[Short text fragments from websites]
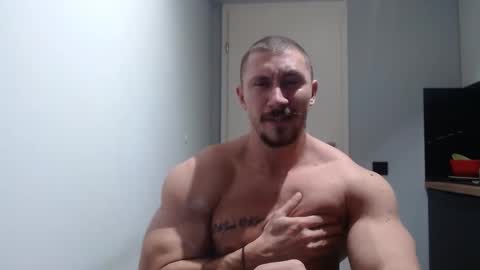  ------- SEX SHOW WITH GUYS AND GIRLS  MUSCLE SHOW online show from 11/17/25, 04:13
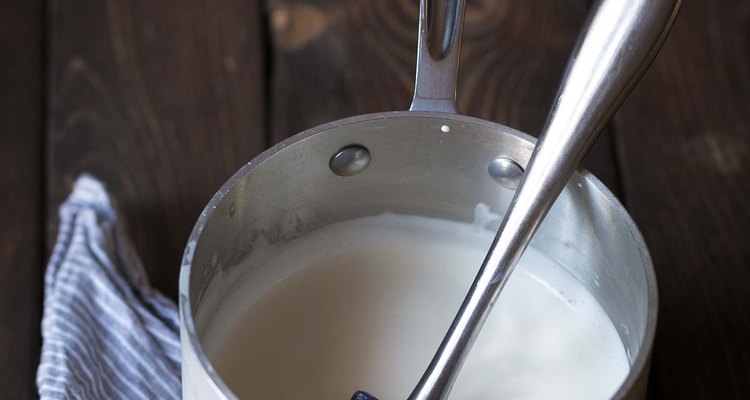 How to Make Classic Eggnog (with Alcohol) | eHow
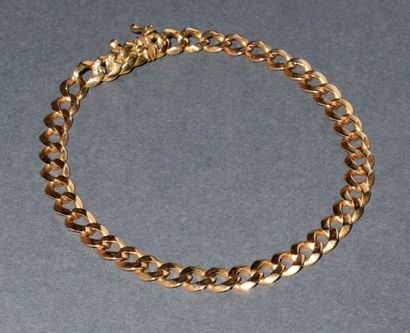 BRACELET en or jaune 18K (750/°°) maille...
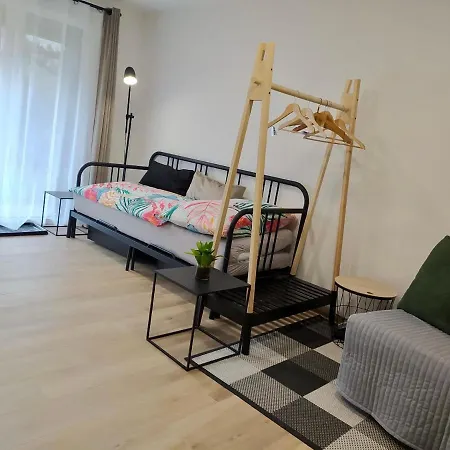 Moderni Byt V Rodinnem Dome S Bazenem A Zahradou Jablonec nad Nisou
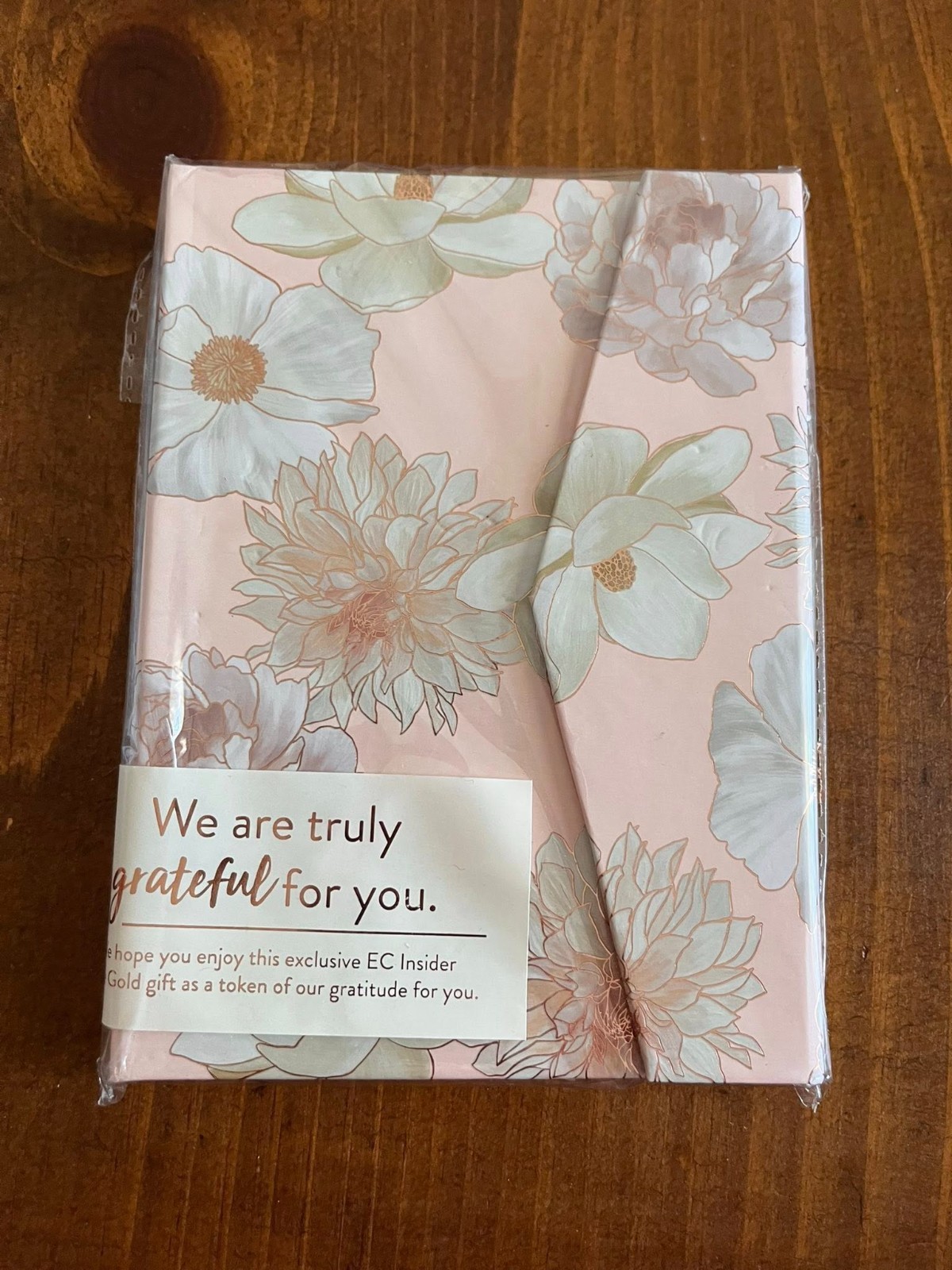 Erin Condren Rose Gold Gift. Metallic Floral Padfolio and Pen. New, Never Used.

## Exercise description
All lines from the one containing "Moderni Byt V" through the end of the entries, both ends included, should be written out exactly, with no pictures.

## Exercise answer
 Moderni Byt V Rodinnem Dome S Bazenem A Zahradou Jablonec nad Nisou
 Erin Condren Rose Gold Gift. Metallic Floral Padfolio and Pen. New, Never Used.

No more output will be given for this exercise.